» **Your goal**: Give again, exactly as written, the lines of the records below from the line with "Spegill með snögum" to the line with "A spacious twin". Both end lines count; pictures do not.

» **Provided records**:
——————————
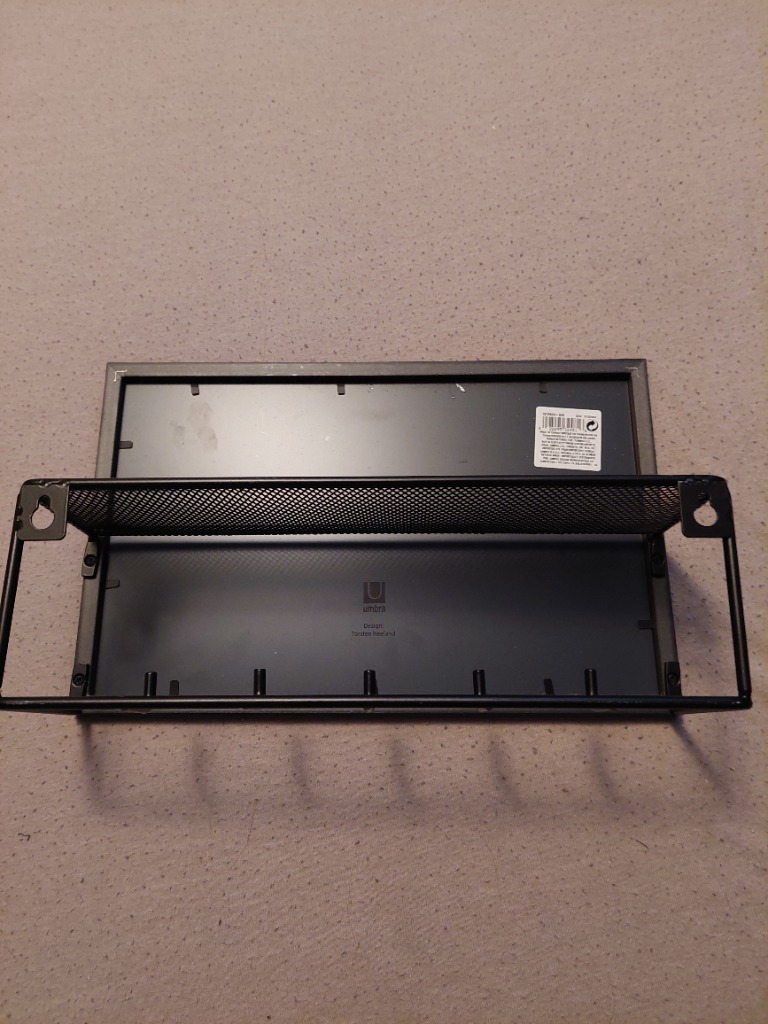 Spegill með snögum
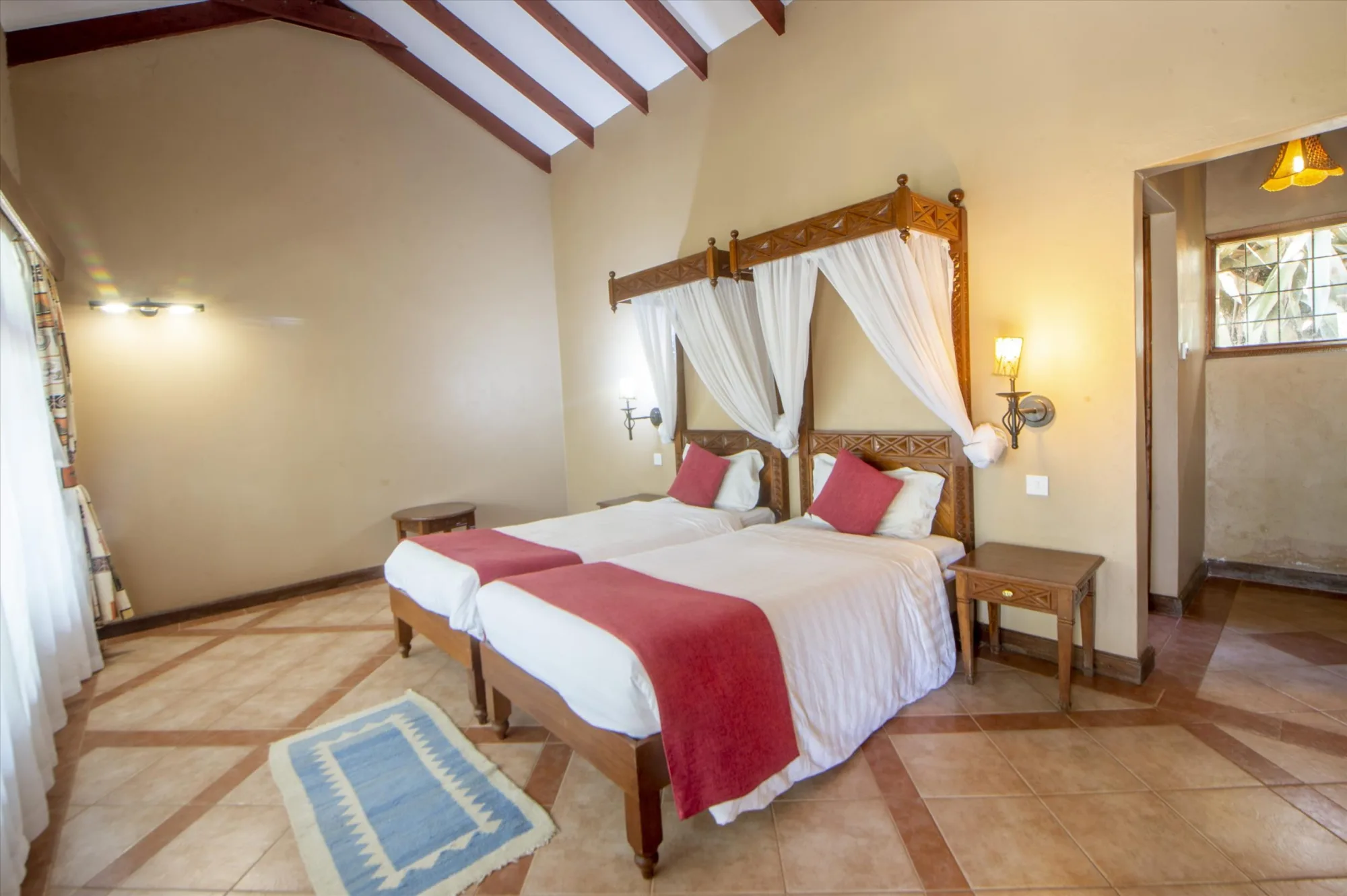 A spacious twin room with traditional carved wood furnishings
——————————
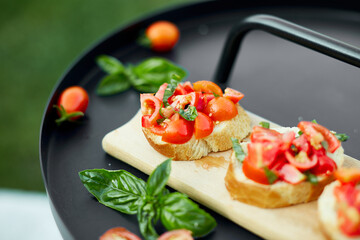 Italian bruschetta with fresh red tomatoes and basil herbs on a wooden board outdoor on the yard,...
——————————
» **Solution to this task**:
 Spegill með snögum
 A spacious twin room with traditional carved wood furnishings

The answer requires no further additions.